Jihad um Gerechtigkeit vorprogrammiert
Auf einer praktischen Ebene dürfte das nun nicht mehr weiter anfechtbare Niqab-Verbot in Frankreich kaum besser umsetzbar sein als bisher. Glaubt man dem «Tagesanzeiger», so belegt eine Studie sogar eine starke Zunahme der vollverschleierten Muslimas in der laizistischen Republik – möglichweise aus Protest gegen die Einschränkung. Selbst bei einer Ausweitung des Verbots in andere europäische Staaten bleibt die Frage nach dem Nutzen. Frauen, die sich aus tiefer religiöser Überzeugung verschleiern, werden dies wohl auch unter Androhung von Busse und Haft nicht unterlassen. Im Gegenteil, denn diese Art der Konfrontation liefert eine ausgezeichnete Gelegenheit, ausgestattet mit moralisch überlegenem Ethos in einen vielbeachteten Jihad um die verlorengegangene Gerechtigkeit einzutreten. Verlieren kann die gläubige Muslima diesen Jihad aus islamischer Perspektive gar nicht. Wird sie für ihre Standhaftigkeit bestraft, erlangt sie einen märtyrerähnlichen Status in der Gemeinschaft. Das Rechtsempfinden zwischen Gemeinschaft und Gesellschaft driftet dabei bedrohlich auseinander – die typische Grundstruktur eines Glaubenskriegs.

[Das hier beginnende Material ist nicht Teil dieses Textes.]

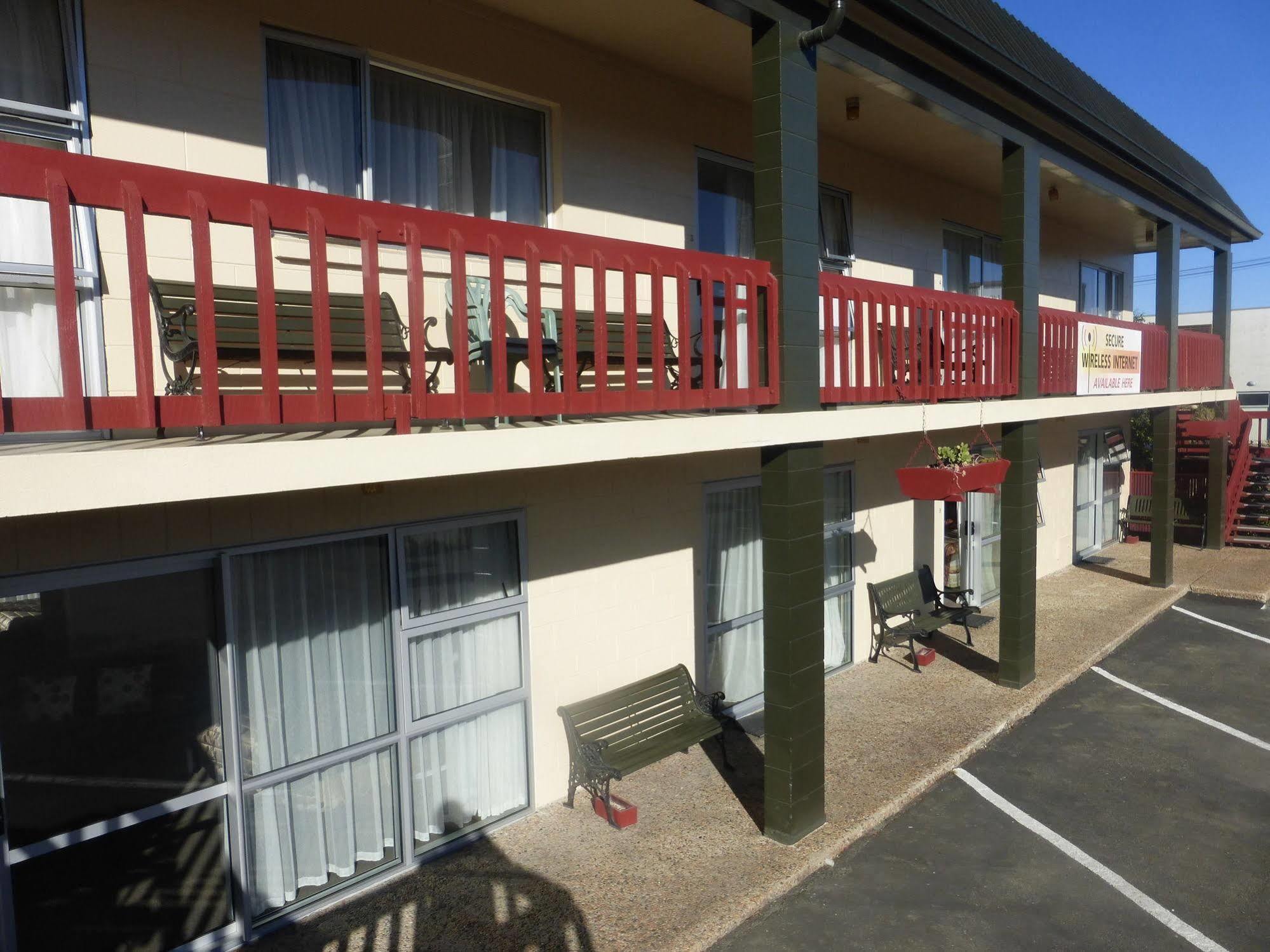 Alpine Motel Oamaru Bagian luar foto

Auch die Gesellschaft wähnt sich im Recht. Schliesslich kann sie sich auf den Buchstaben des Gesetzes stützen, der sich nunmehr noch der moralischen Absolution des obersten Gerichts Europas sicher sein darf. Als Verlierer kommen nur die westlich-modernen Menschenrechte in Frage. Das jüngste Niqab-Urteil stellt ihre Gültigkeit neuerdings auch innerhalb der europäischen Rechtsprechung radikal in Frage. Nicht auszuschliessen, dass die Richter in Strassburg damit die einst so gut gehütete Büchse der Pandora geöffnet und die Relativierung der westlich-modernen Menschenrechte endgültig eingeläutet haben.